• [Your assignment]:
Verbatim copy, images omitted: return the full listing.

• [Dataset entries]:
"""
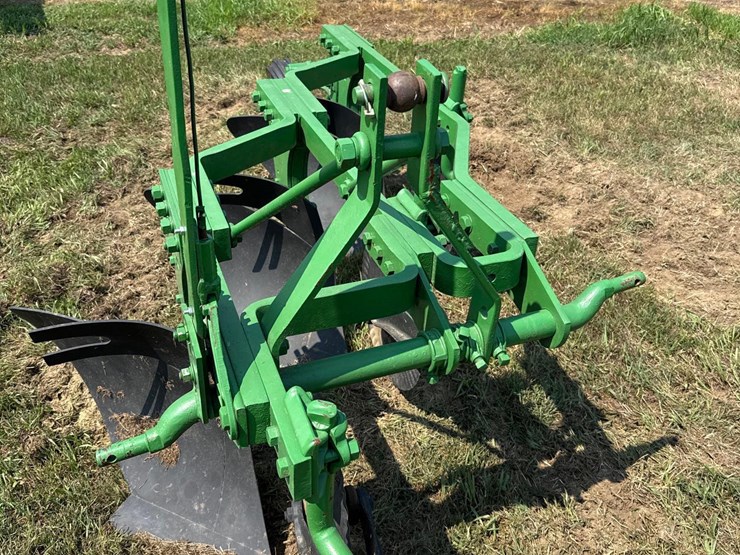 john-deere-3-bottom-plow-image-9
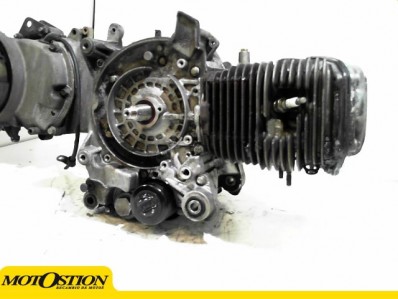 Motor completo del despiece o desguace de una moto Piaggio liberty 125 2009-2011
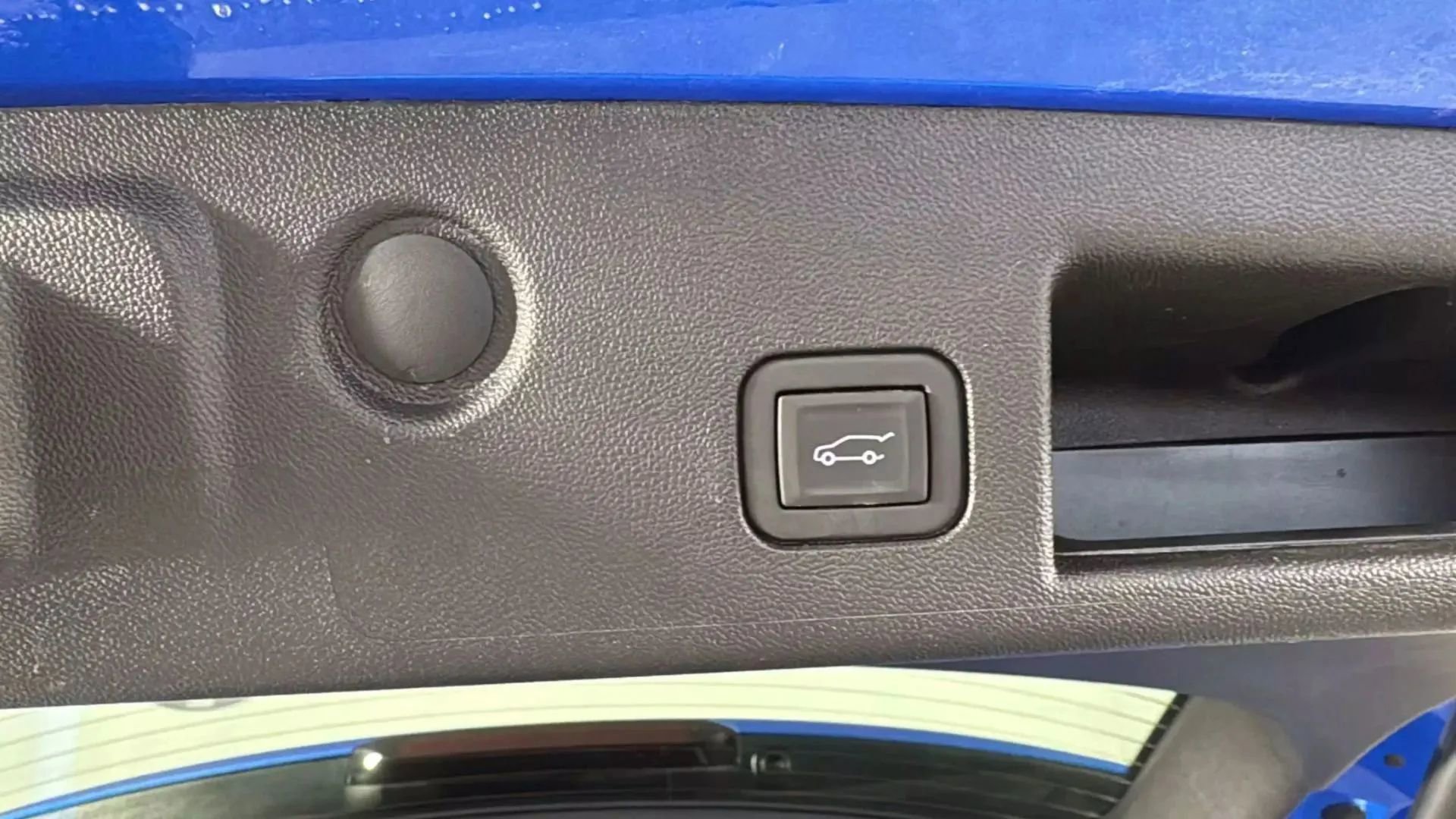 Used 2024 Chevrolet Equinox LT image 8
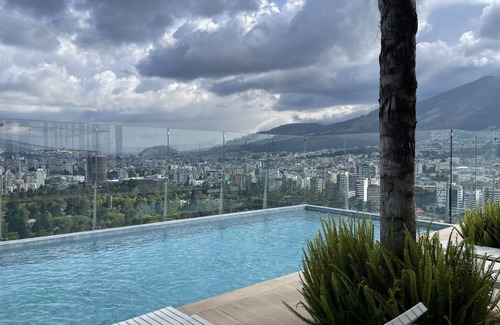 Financial District Apartment | Modern studio with parking - Murphy bed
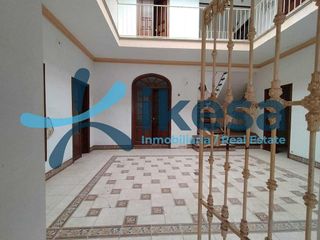 Casa adosada en venta en Montoro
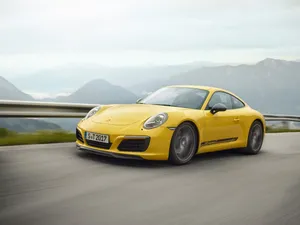 Spoil Yourself With A 4k Ultra Hd Porsche Wallpaper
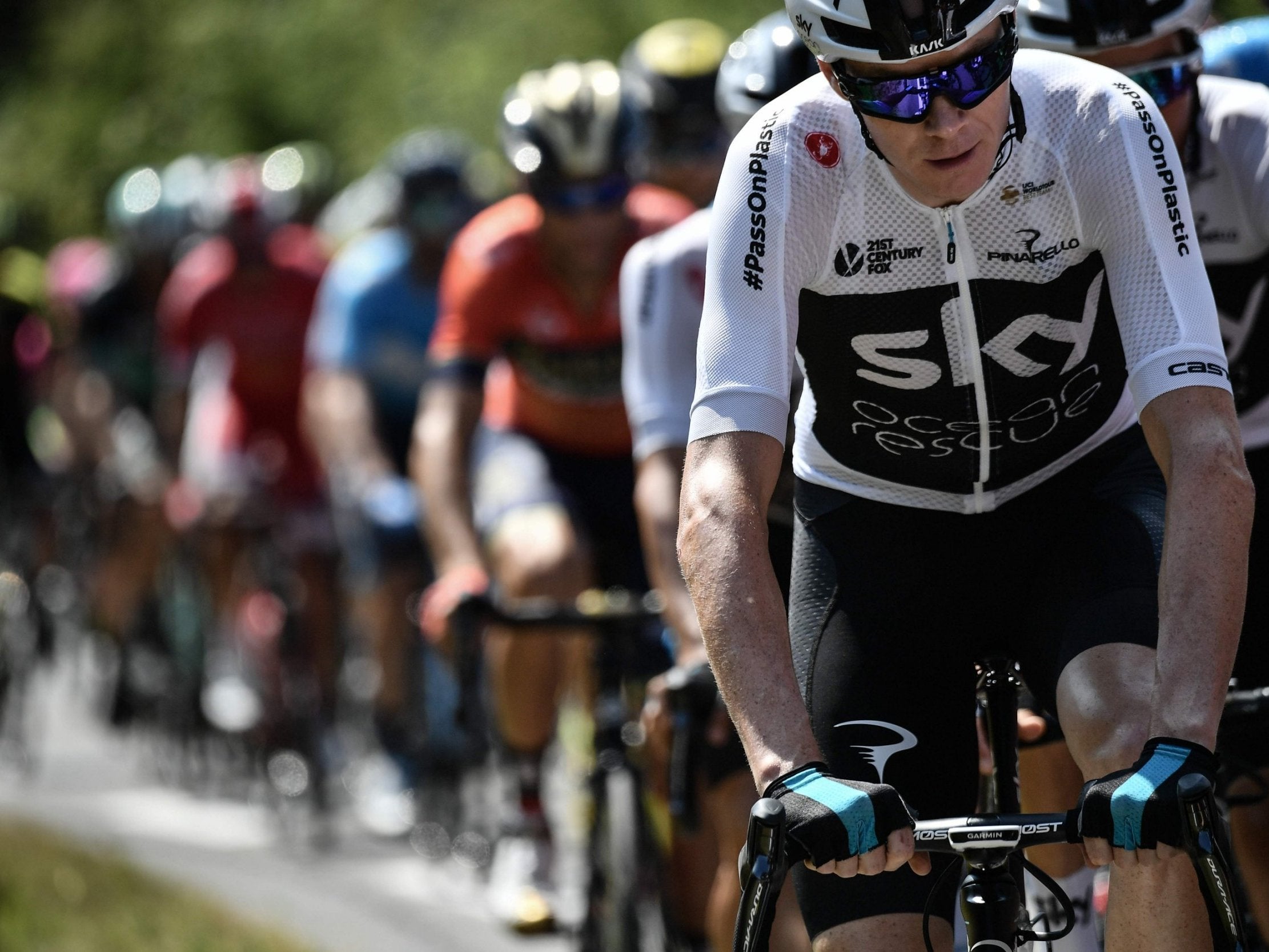 Chris Froome in the peloton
"""
• [Expected answer]:
 john-deere-3-bottom-plow-image-9
 Motor completo del despiece o desguace de una moto Piaggio liberty 125 2009-2011
 Used 2024 Chevrolet Equinox LT image 8
 Financial District Apartment | Modern studio with parking - Murphy bed
 Casa adosada en venta en Montoro
 Spoil Yourself With A 4k Ultra Hd Porsche Wallpaper
 Chris Froome in the peloton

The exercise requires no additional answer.